Just bought a new helmet ( Giro Indicator ), and have been screwing around with these straps for the past hour or more. I can't get them comfortable or tight at all! What the heck! The instruction booklet doesn't teach you crap. I need an instructional video, but there isn't one.

This annoy anyone else?


----------



## kapusta (Jan 17, 2004)

ProjectDan35 said:


> Just bought a new helmet ( Giro Indicator ), and have been screwing around with these straps for the past hour or more. I can't get them comfortable or tight at all! What the heck! The instruction booklet doesn't teach you crap. I need an instructional video, but there isn't one.
> 
> This annoy anyone else?


I find it takes a lot of dickering around to get them right. It may help to look how your last helmet is set up, but if the straps anchor in a different location, it might not help much.


----------



## b-kul (Sep 20, 2009)

looks similar to my helmet. first i adjust the back dial until it fits snug, then i adjust the length of the chin strap, last i adjust the things to make it fit around my ears right. then tweak from there.


----------



## Clones123 (Apr 29, 2010)

What's tough is when the strap is attached in front, loops down through a buckle, back up through a holder at the rear and then down to the other buckle where it mates with the strap from the other front side. That's a lot of jockeying for one strap to get it all set right.

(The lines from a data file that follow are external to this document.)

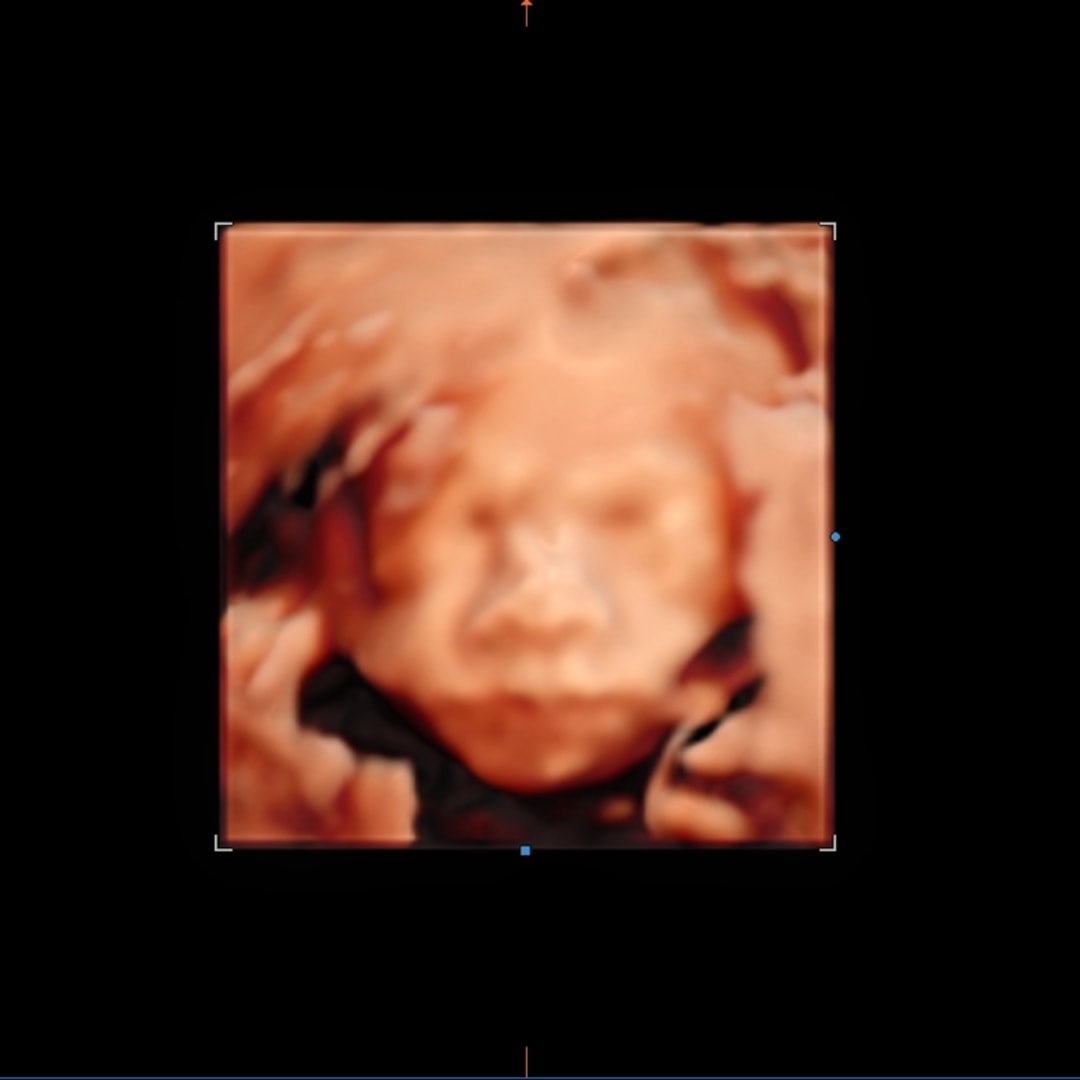 Photo shared by Elly for their Babylist baby registry.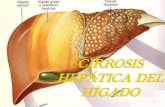 Cirrosis HepÁtica Acabada Entregar Xp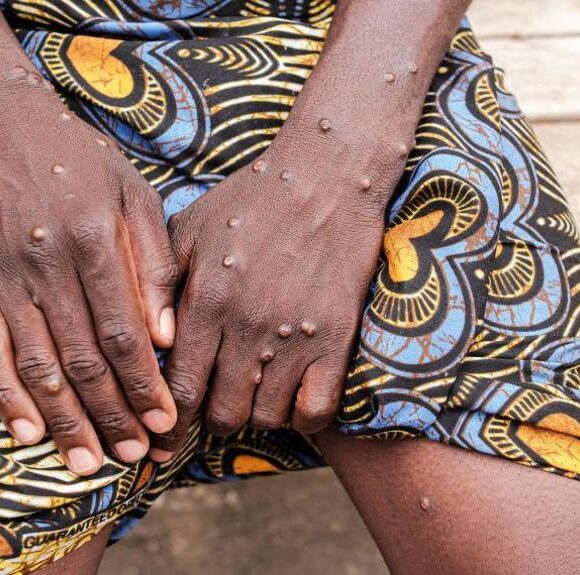 High Rates of Miscarriage and Stillbirth among Pregnant Women with Clade I Mpox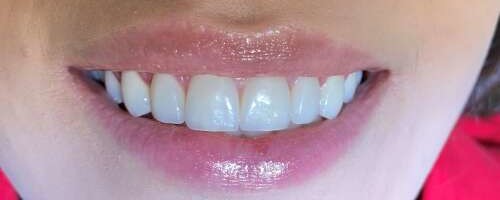 Mis juhtub tervisega, kui suuhügieen pole piisav?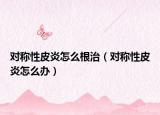 对称性皮炎怎么根治（对称性皮炎怎么办）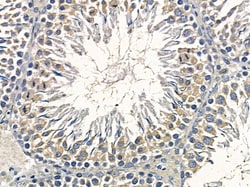 Invitrogen ARFGAP3 Polyclonal Antibody 100 &mu;L | Buy Online | Invitrogen&trade; | Fisher Scientific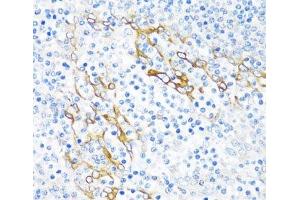 Immunohistochemistry of paraffin-embedded Human tonsil using PLA2G4C Polyclonal Antibody at dilution of 1:100 (40x lens). (PLA2G4C anticorps)
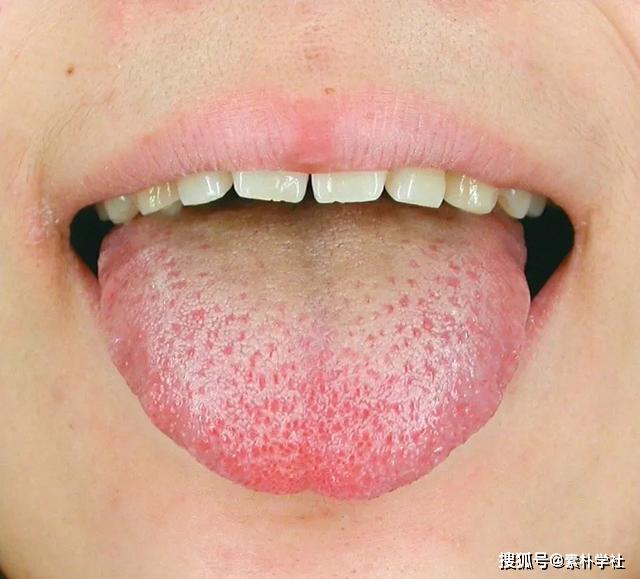 健康人的舌苔正常人图片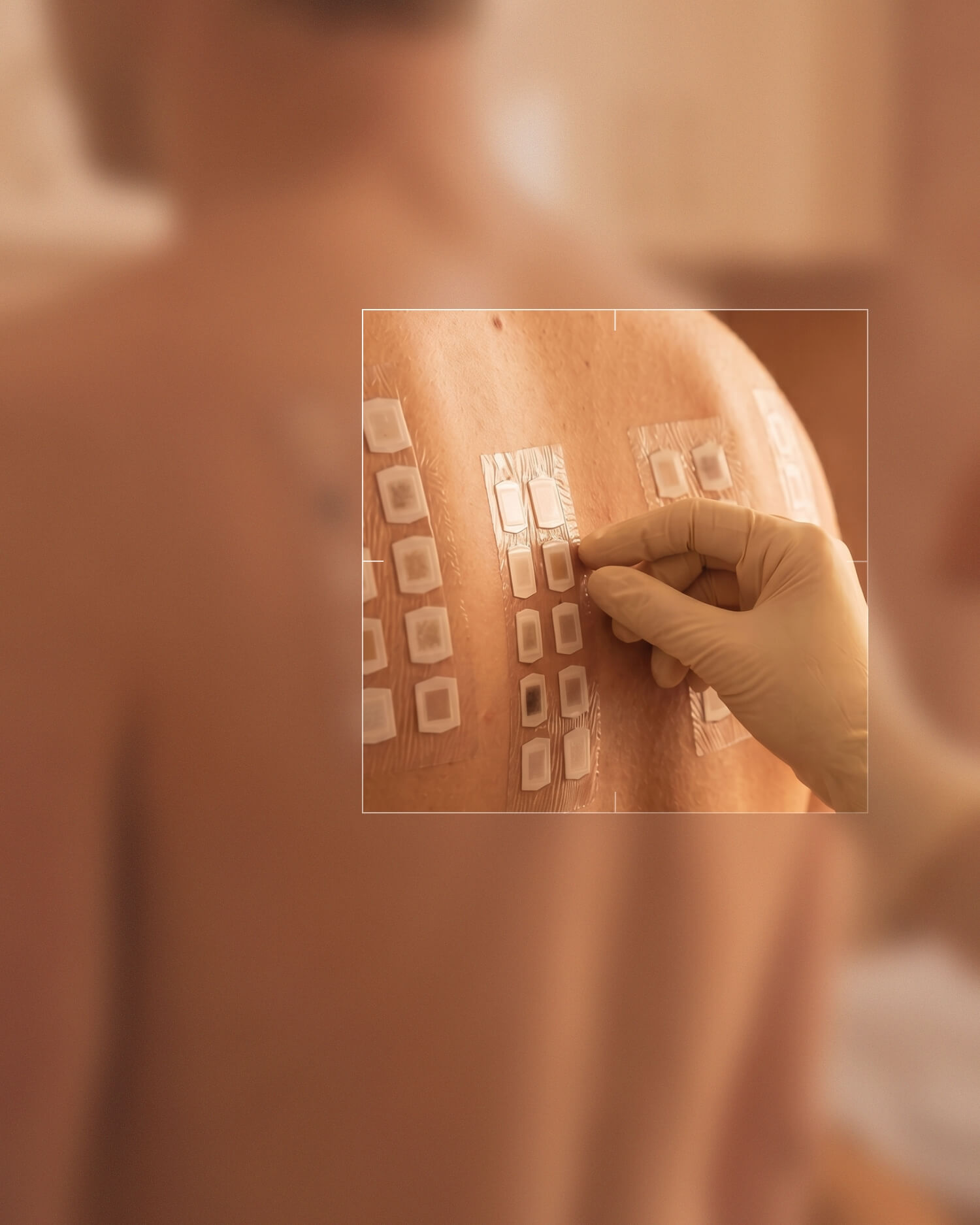 Rücken eines Mannes mit mehreren allergischen Pflastertests, eine Hand mit Einmalhandschuhen berührt einen der Pflaster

Just one of the many things I like so much about the *Giro Xen* helmet is that the straps are fixed directly into the helmet at four separate points. Super easy then to set each buckle into the ideal position.


----------



## Stokestack (Jan 6, 2013)

I have a Giro ski/snowboard helmet and the strap design is totally defective. The strap can't be lengthened, and the pad that's supposed to go under your chin is permanently sewn to the strap up by your ear. Therefore you can't slide the pad along the strap to center it under your chin.

Baffling.


----------